▶ _Data supplied_
○ ○ ○ ○ ○

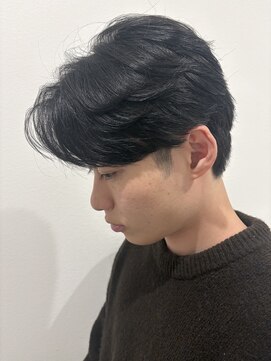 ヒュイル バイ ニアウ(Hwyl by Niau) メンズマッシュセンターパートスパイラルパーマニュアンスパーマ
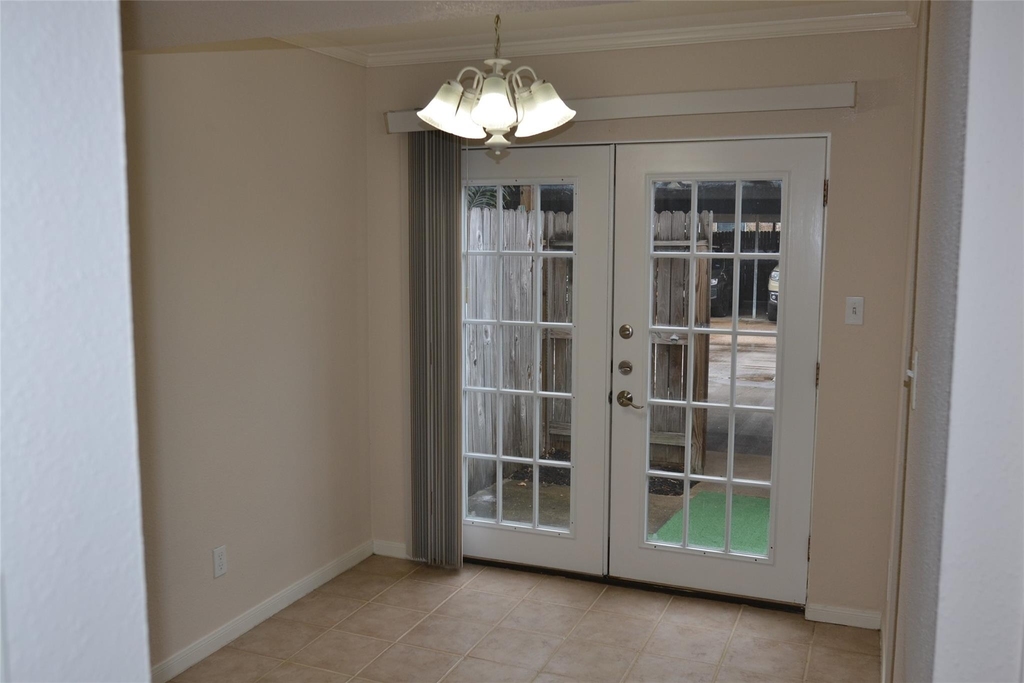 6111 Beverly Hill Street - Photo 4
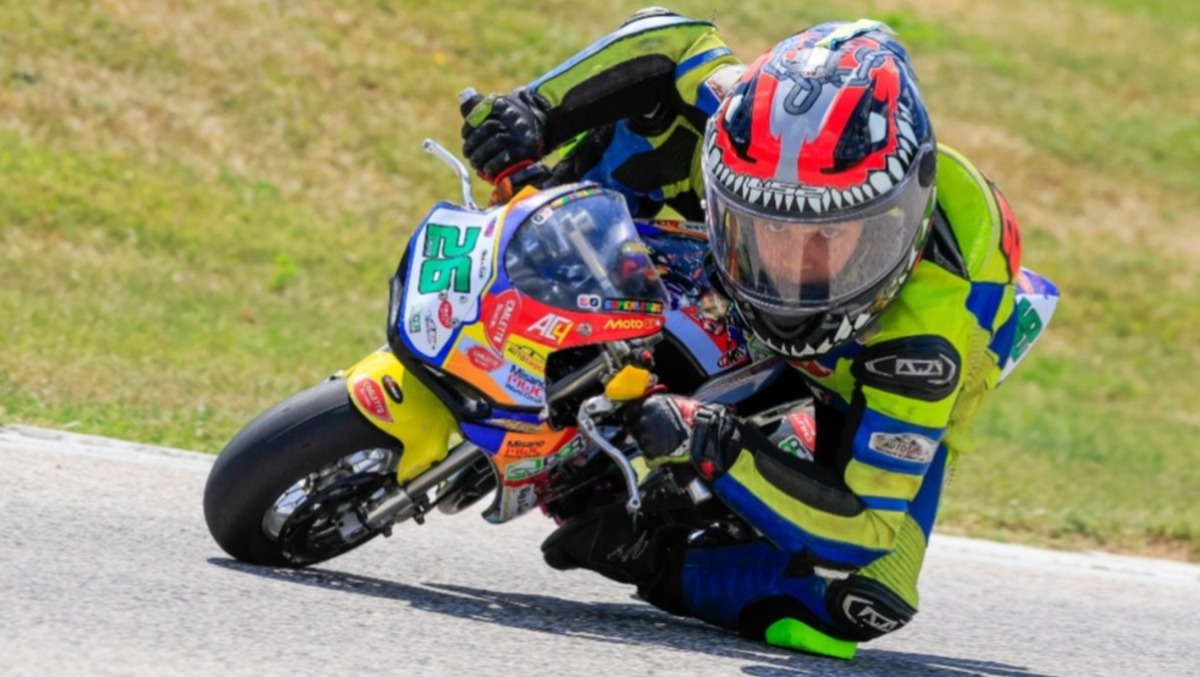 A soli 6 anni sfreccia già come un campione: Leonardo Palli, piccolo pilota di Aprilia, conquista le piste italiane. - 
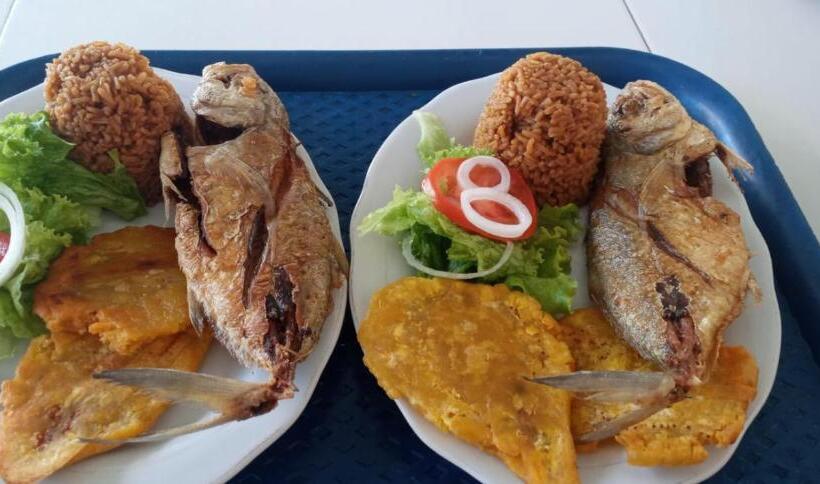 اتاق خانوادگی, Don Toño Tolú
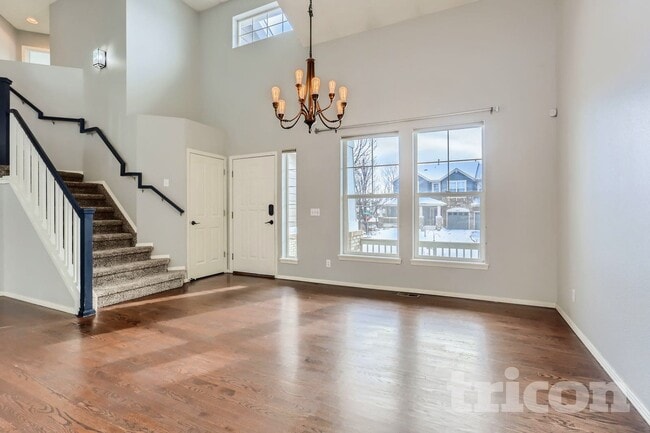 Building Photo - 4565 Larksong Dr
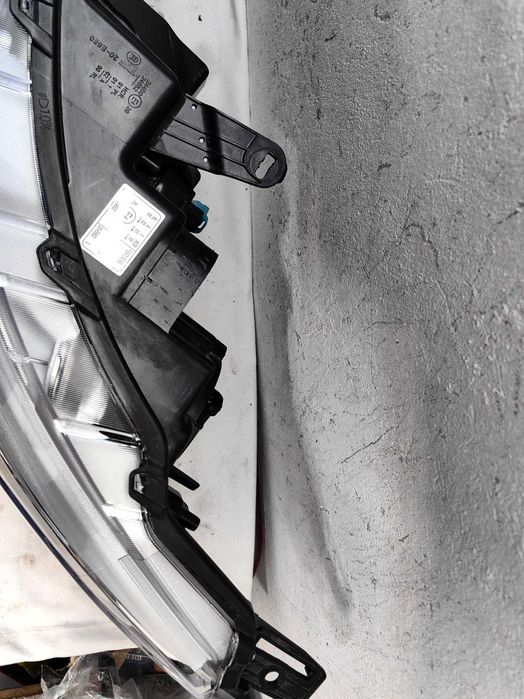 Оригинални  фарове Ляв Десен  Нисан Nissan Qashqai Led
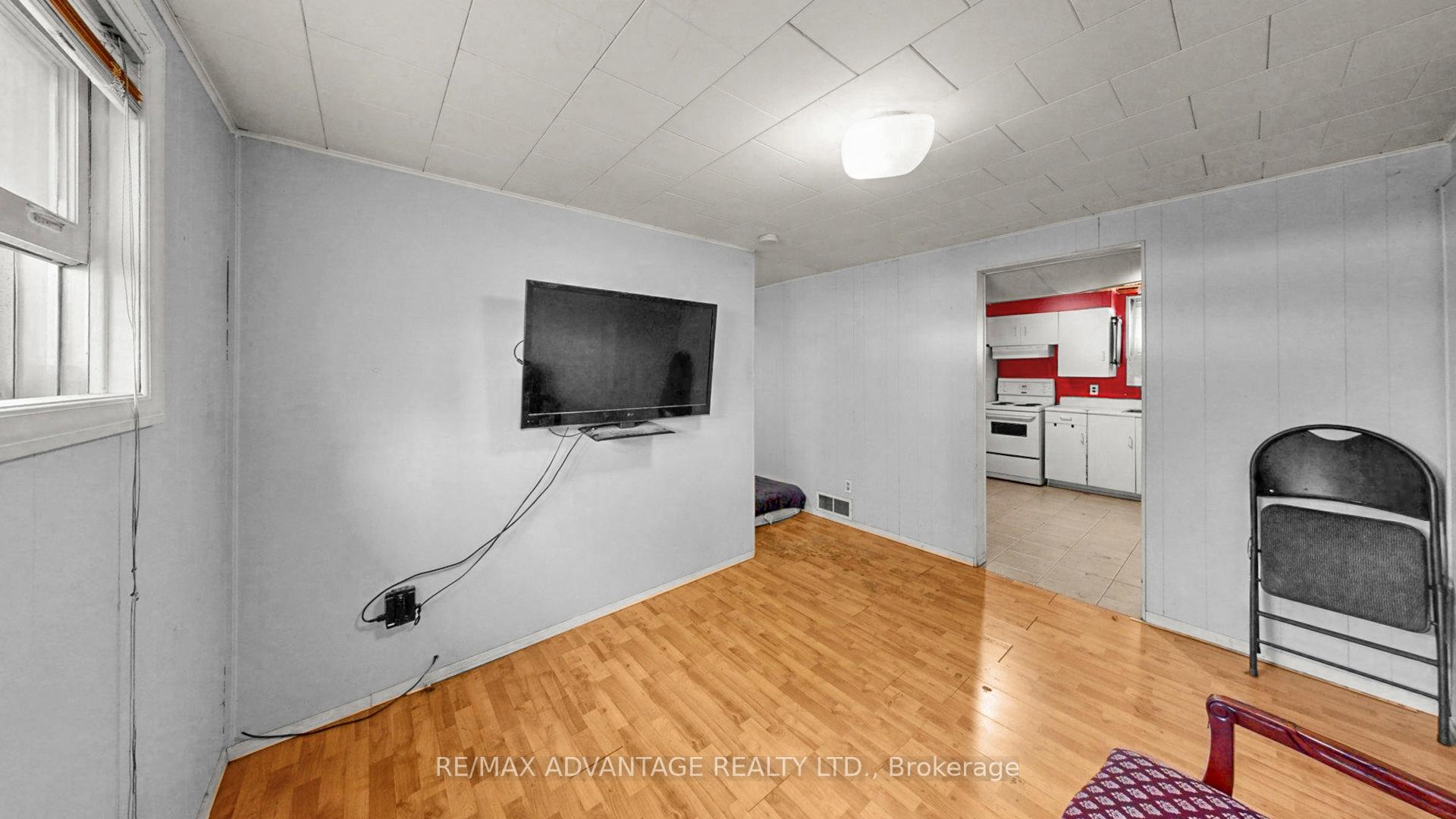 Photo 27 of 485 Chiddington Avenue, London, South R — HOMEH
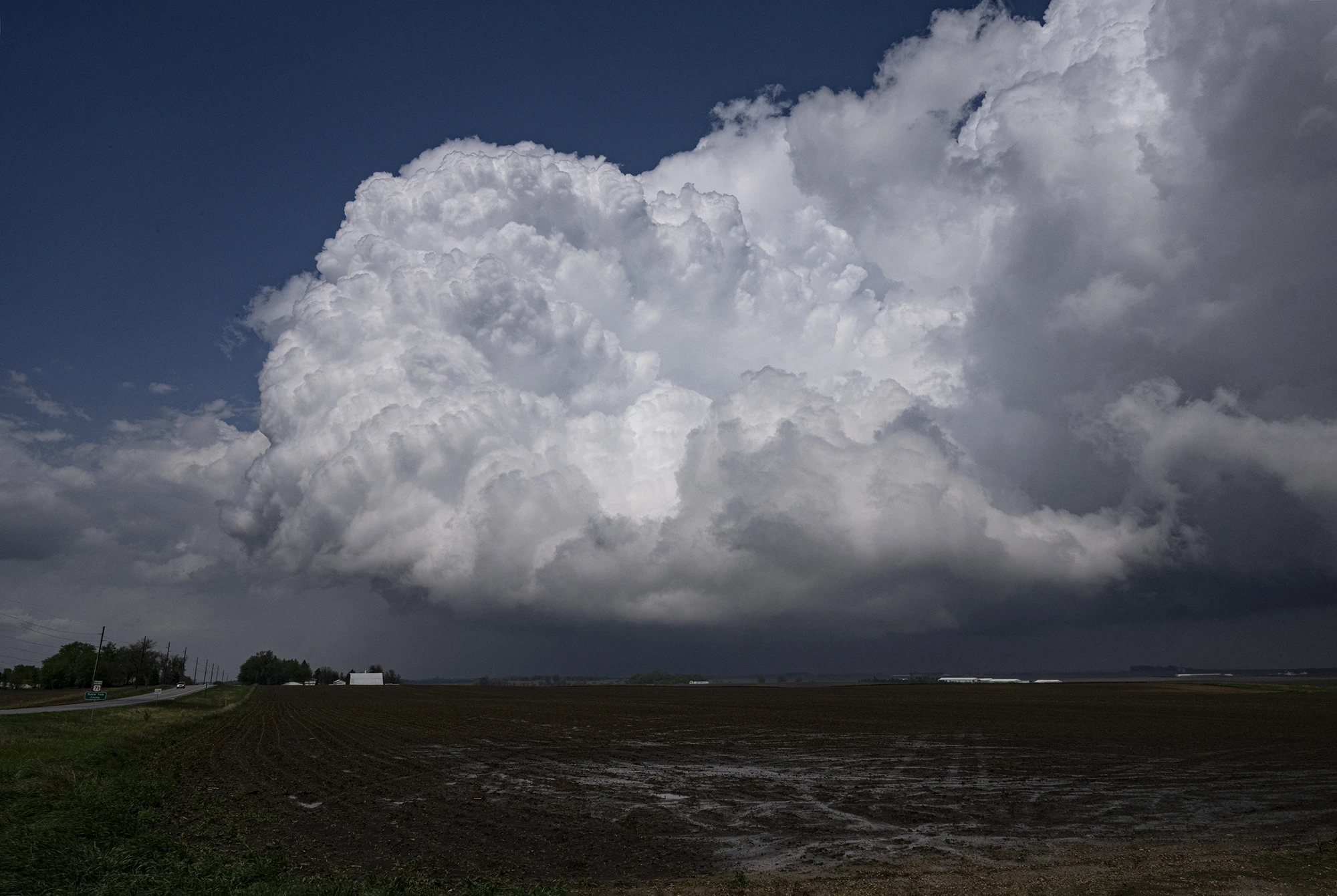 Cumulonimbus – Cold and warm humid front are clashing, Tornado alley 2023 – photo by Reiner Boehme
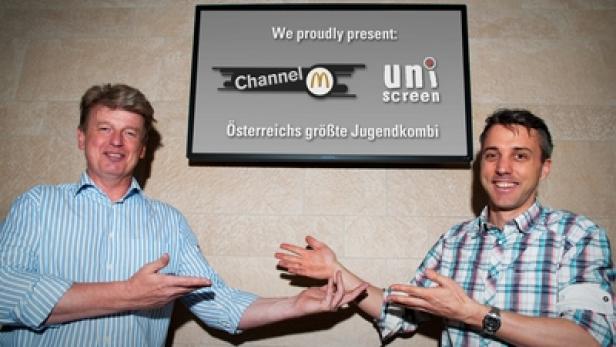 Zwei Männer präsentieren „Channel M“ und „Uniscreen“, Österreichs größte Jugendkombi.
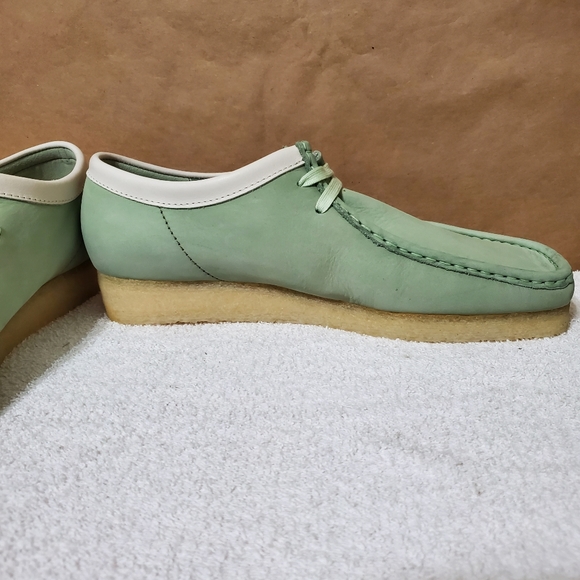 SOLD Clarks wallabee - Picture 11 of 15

○ ○ ○ ○ ○

▶ _Exercise aim_
Transcribe every entry exactly, leaving out the pictures.

▶ _Task result_
 ヒュイル バイ ニアウ(Hwyl by Niau) メンズマッシュセンターパートスパイラルパーマニュアンスパーマ
 6111 Beverly Hill Street - Photo 4
 A soli 6 anni sfreccia già come un campione: Leonardo Palli, piccolo pilota di Aprilia, conquista le piste italiane. - 
 اتاق خانوادگی, Don Toño Tolú
 Building Photo - 4565 Larksong Dr
 Оригинални  фарове Ляв Десен  Нисан Nissan Qashqai Led
 Photo 27 of 485 Chiddington Avenue, London, South R — HOMEH
 Cumulonimbus – Cold and warm humid front are clashing, Tornado alley 2023 – photo by Reiner Boehme
 Zwei Männer präsentieren „Channel M“ und „Uniscreen“, Österreichs größte Jugendkombi.
 SOLD Clarks wallabee - Picture 11 of 15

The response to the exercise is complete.